Before cloning or restarting a job, verify the maintenance update has already been released.

Related ticket: https://progress.opensuse.org/issues/109707

Jun 08 '22 11:06 DeepthiYV

The concept of SLE maintenance tests are not known to openQA and seems like you managed to fix a valid problem but the generic openQA clone job script is certainly not the right approach. Maybe think about a downstream script that can be used within the tooling

Thank you Oliver for the suggestion. Could you please suggest me where can we implement this change. I thought of adding this change at the beginning of openQA clone jobs to detect when maintenance updates have been released before downloading the assets for the execution.

Jun 08 '22 13:06 DeepthiYV

Thank you Oliver for the suggestion. Could you please suggest me where can we implement this change.

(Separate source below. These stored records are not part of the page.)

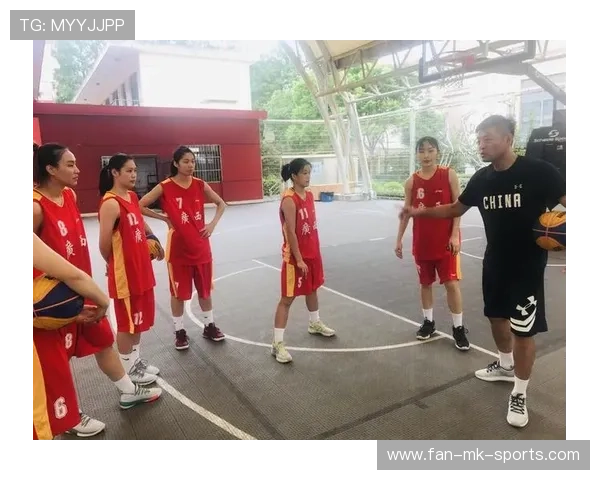 国际篮球女子联赛赛后数据复盘与亮点分析,国家女子篮球 国际篮球女子联赛赛后数据复盘与亮点分析,国家女子篮球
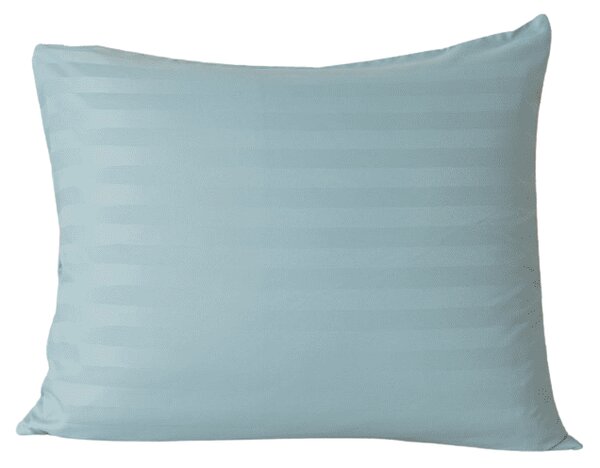 Prevleka za blazino JASMINE 70x90 cm, mentol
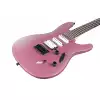 Ibanez S561-PMM Pink Gold Metallic Matte gitara elektryczna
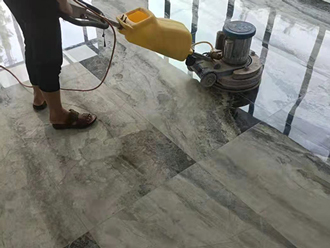 株洲拓宝丽石石材护理有限公司,株洲石材翻新,株洲石材日常护理,株洲外墙清洗,株洲拓宝丽石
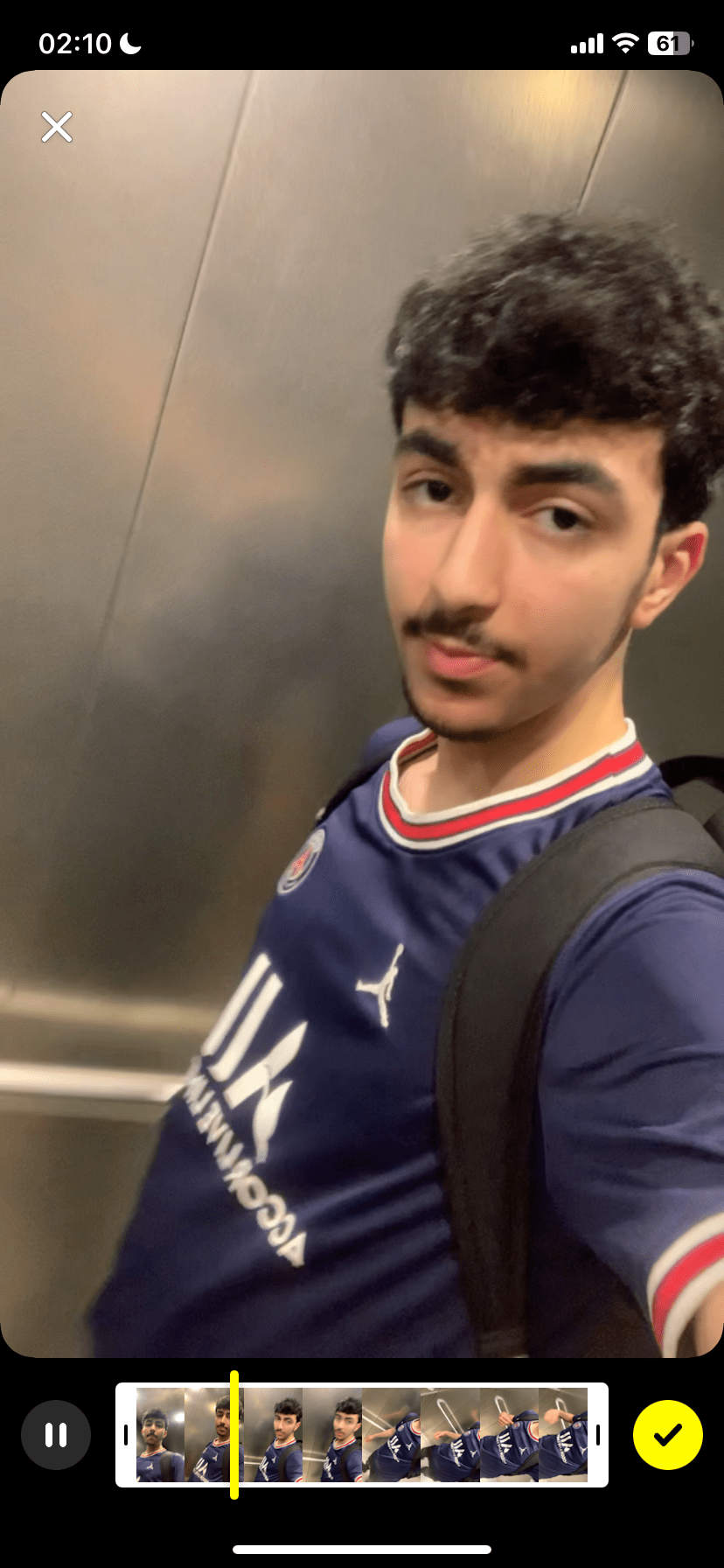 Germinal - Schänis - Saint-Gall | Annonce Rencontre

I am thinking of three possible approaches:

As openQA already provides a warning if a mandatory "asset" is missing likely the best approach would be to ensure that according repos are available on openQA itself so that a consistent test base is available for the lifetime of a test. As soon as that asset (e.g. a repo) is pruned from openQA by the automatic cleanup then any clone attempt would be prevented with an informative message about the unavailability of the asset. So that would mean there would be no need to do any changes in openQA itself but change how openQA syncs assets and triggers tests, likely in https://github.com/openSUSE/qem-bot/

develop the SLE maintenance specific handling as custom "plugin" code for openqa CLI applications. That's likely the hardest but we already have a plugin structure for openQA CLI applications so in the end this might be the best way to go. What likely would be necessary is to rework openqa-clone-job to reuse what openqa-cli has in the backend and then implement custom commands in a separate repo together with the complete deployment structure, e.g. a separate openSUSE package that can be installed along with the package openQA-client

Prepare a separate project where you have a new application that internally calls openqa-clone-job and on top does what you do here.

I thought of adding this change at the beginning of openQA clone jobs to detect when maintenance updates have been released before downloading the assets for the execution.

Sure. Let me ask, why does anybody care about cloning openQA jobs for maintenance updates that have already been released in the first place?

Sometimes job fails when we restart or clone it while verifying the test, because the updates have already been released. So team decided to add a check before running a job. I will discuss with team and come up with a reasonable solution. Thanks Oliver for the feedback and suggestion :)

Jun 09 '22 06:06 DeepthiYV

Also note that the ticket says "we should have a warning". The "die" is a little bit more than a warning.

Jun 09 '22 11:06 Martchus

Sure. Let me ask, why does anybody care about cloning openQA jobs for maintenance updates that have already been released in the first place?

Sometimes job fails when we restart or clone it while verifying the test, because the updates have already been released. So team decided to add a check before running a job.

What in particular do you mean with "while verifying the test"?

Jun 09 '22 13:06 okurz

Sure. Let me ask, why does anybody care about cloning openQA jobs for maintenance updates that have already been released in the first place?

Sometimes job fails when we restart or clone it while verifying the test, because the updates have already been released. So team decided to add a check before running a job.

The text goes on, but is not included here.